» **ABOUT THIS EXERCISE**
Copy the entries exactly, through the "map of restaurants, bars, coffee" line.
RECORDS FOR THE EXERCISE below:
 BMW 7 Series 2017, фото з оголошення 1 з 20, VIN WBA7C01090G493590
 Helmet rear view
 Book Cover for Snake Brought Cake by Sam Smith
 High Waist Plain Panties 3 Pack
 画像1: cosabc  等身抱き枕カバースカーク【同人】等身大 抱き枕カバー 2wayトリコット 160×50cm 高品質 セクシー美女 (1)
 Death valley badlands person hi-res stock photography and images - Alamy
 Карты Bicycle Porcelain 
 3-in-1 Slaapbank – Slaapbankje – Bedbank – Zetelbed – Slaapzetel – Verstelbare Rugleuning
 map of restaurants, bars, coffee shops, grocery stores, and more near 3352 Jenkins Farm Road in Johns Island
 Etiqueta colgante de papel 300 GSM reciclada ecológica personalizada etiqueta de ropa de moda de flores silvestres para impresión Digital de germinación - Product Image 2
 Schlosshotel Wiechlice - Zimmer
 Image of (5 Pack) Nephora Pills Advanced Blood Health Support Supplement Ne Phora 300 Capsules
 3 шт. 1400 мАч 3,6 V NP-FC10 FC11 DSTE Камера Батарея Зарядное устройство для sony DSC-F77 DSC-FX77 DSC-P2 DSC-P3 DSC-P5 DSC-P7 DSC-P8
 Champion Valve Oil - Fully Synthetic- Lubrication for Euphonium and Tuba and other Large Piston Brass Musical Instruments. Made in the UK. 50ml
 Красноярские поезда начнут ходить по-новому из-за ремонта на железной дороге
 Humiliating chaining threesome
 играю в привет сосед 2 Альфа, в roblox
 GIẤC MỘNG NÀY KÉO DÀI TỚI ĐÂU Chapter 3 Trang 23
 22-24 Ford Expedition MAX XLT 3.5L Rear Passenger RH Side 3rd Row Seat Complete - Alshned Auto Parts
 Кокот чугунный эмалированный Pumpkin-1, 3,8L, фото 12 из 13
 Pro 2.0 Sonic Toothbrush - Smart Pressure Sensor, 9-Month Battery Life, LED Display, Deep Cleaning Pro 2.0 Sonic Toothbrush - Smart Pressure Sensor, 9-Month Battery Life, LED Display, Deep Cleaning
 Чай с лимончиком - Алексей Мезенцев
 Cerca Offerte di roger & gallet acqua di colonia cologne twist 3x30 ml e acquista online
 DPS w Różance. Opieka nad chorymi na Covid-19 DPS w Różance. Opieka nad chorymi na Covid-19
End of RECORDS FOR THE EXERCISE.
» **OUTPUT**
 BMW 7 Series 2017, фото з оголошення 1 з 20, VIN WBA7C01090G493590
 Helmet rear view
 Book Cover for Snake Brought Cake by Sam Smith
 High Waist Plain Panties 3 Pack
 画像1: cosabc  等身抱き枕カバースカーク【同人】等身大 抱き枕カバー 2wayトリコット 160×50cm 高品質 セクシー美女 (1)
 Death valley badlands person hi-res stock photography and images - Alamy
 Карты Bicycle Porcelain 
 3-in-1 Slaapbank – Slaapbankje – Bedbank – Zetelbed – Slaapzetel – Verstelbare Rugleuning
 map of restaurants, bars, coffee shops, grocery stores, and more near 3352 Jenkins Farm Road in Johns Island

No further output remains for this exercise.